- _Exercise description_: Return all lines in the data where the string "Shirt" can be found.

[Short descriptive text snippets]
-------

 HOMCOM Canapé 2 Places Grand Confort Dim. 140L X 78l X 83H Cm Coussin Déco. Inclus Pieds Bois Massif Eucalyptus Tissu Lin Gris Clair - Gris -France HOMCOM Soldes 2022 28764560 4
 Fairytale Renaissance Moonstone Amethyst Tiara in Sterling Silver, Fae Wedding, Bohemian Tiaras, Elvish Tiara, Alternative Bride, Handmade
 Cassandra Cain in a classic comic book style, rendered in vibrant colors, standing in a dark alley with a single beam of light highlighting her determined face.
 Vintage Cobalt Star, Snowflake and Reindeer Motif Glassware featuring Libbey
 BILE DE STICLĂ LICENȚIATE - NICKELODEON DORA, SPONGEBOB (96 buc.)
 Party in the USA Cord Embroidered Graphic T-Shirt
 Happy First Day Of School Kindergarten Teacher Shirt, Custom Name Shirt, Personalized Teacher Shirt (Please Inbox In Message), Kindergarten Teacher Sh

-------

- _Answer to the exercise_:
 Party in the USA Cord Embroidered Graphic T-Shirt
 Happy First Day Of School Kindergarten Teacher Shirt, Custom Name Shirt, Personalized Teacher Shirt (Please Inbox In Message), Kindergarten Teacher Sh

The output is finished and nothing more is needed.